Despite the weather, I travelled to Chawton yesterday with a friend who’s visiting from the U.S. She’s researching the Long 18th Century and wanted to study some of the texts and books at the Chawton House Library. Chawton House Library is devoted to the preservation and study of women’s literature from 1600 to 1830 and is housed in the Elizabethan mansion of Jane’s brother, Edward Knight. Edward was adopted by the childless Knight family, who were distant relations to the Austens.
Jane, her sister Cassandra, their mother and sister-in-law Martha lived in the small Georgian house. Many items on display were owned by the Austens, including the table where Jane wrote or revised many of her books, including Pride and Prejudice.
The table is small, about eighteen inches across. There’s a split down the middle, perhaps caused by age, perhaps by the original construction. It’s hard to see how she could have written so many manuscripts, by hand rather than with a modern laptop and word processing software, at such a small table.
There’s also a replica bed in the room she shared with her sister. The bed is small, hardly bigger than a twin bed today. Perhaps Jane dreamed up her plots in just such a bed, 200 years ago. Perhaps she scribbled her ideas on the table in the room below, next to the fire where Cassandra kept a tea kettle warming. Perhaps she sat in the large garden, dreaming up the characters who populate her books as she watched the villagers in Chawton.

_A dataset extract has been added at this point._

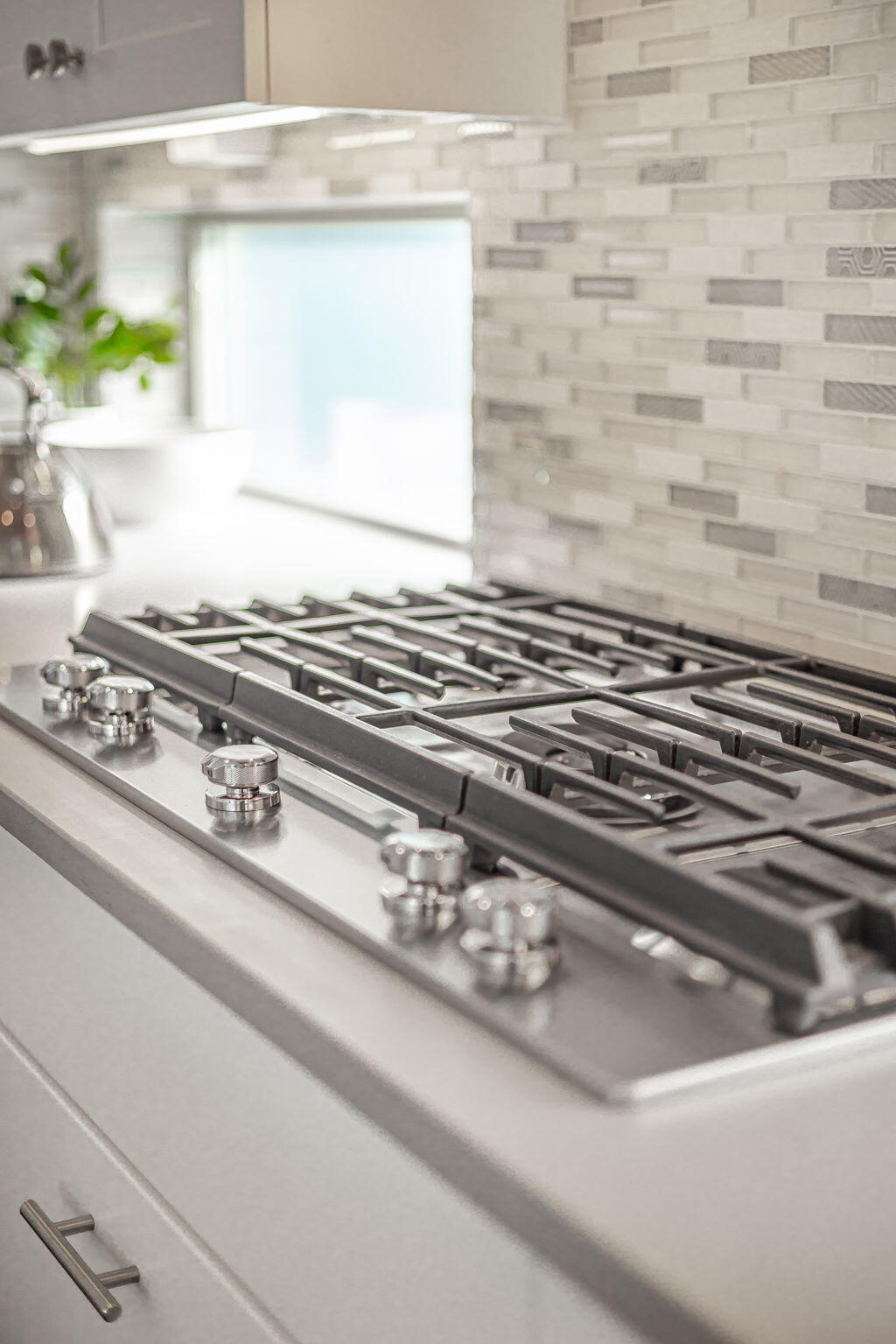 Rivers Edge Village - Residential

Maybe visitors to the much larger and grander Chawton House inspired the literary themes she addressed in her novels: the poor relations scrimping while other members of the family lived in luxury nearby, the contrast between those who have and those who have much less.
Being a poor relation was probably not as bad as just being poor.

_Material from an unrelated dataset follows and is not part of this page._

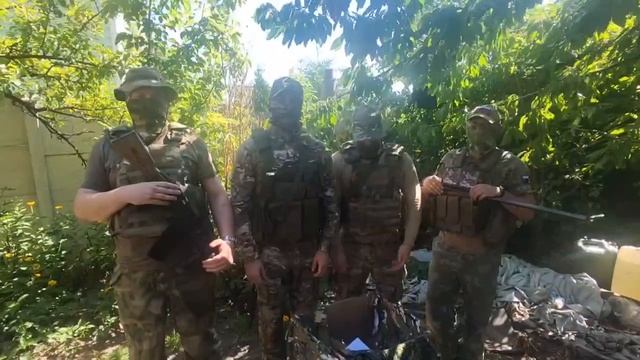 video22.1 смотреть онлайн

A coverlet quilt, made by Jane and her sister and mother using end cuts of fabric, is on display in an alcove upstairs. The coverlet had a backing but no wadding in between. The pieces are diamond shaped, with a large basket design in the middle. In one letter, Jane reminds her sister to pick up more fabric pieces while she’s visiting their brother:
“Have you remembered to collect pieces for the patchwork? We are quite at a standstill…”
The photos below were taken on a previous visit, when the weather was much better.
In contrast, Edward Austen Knight, who inherited his adopted family’s wealth, lived in the much more imposing Chawton House a half mile away. He also had a home in Kent, where he, his wife and eleven children spent much of their time.
Jane and her sister visited Chawton House and ate in the dining room there, served by servants they couldn’t themselves afford. Jane was a good aunt to all her neices and nephews, but Fanny Knight was especially close to her. In the upstairs hallway there’s a poignant letter from Cassandra to Fanny, written after Jane died:
“I have lost a treasure, such a Sister, such a friend as never can have been surpassed — she was the sun of my life, the gilder of every pleasure, the soother of every sorrow, I had not a thought concealed from her, & it is as if I had lost a part of myself.”
Chawton is in Hampshire, about an hour from London. If you can’t get there, the website has a virtual tour. And do check with the Met Office before journeying to Chawton; if peltering rain is forecast you might bring an umbrella.